### Description of the task
Every line in the entries where "photo" is found should be copied.

Stored items from a collection:
☆ ☆ ☆ ☆ ☆ ☆ ☆
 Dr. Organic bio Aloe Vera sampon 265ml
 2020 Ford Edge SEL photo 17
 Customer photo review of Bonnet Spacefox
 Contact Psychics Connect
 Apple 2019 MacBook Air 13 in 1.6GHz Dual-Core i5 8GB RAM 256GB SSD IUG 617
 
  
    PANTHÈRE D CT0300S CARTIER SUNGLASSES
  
☆ ☆ ☆ ☆ ☆ ☆ ☆
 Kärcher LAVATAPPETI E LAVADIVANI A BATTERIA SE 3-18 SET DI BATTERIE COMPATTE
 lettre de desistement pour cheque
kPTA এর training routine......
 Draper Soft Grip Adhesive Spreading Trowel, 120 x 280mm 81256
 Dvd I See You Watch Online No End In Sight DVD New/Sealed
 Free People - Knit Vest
☆ ☆ ☆ ☆ ☆ ☆ ☆
### Written solution
 2020 Ford Edge SEL photo 17
 Customer photo review of Bonnet Spacefox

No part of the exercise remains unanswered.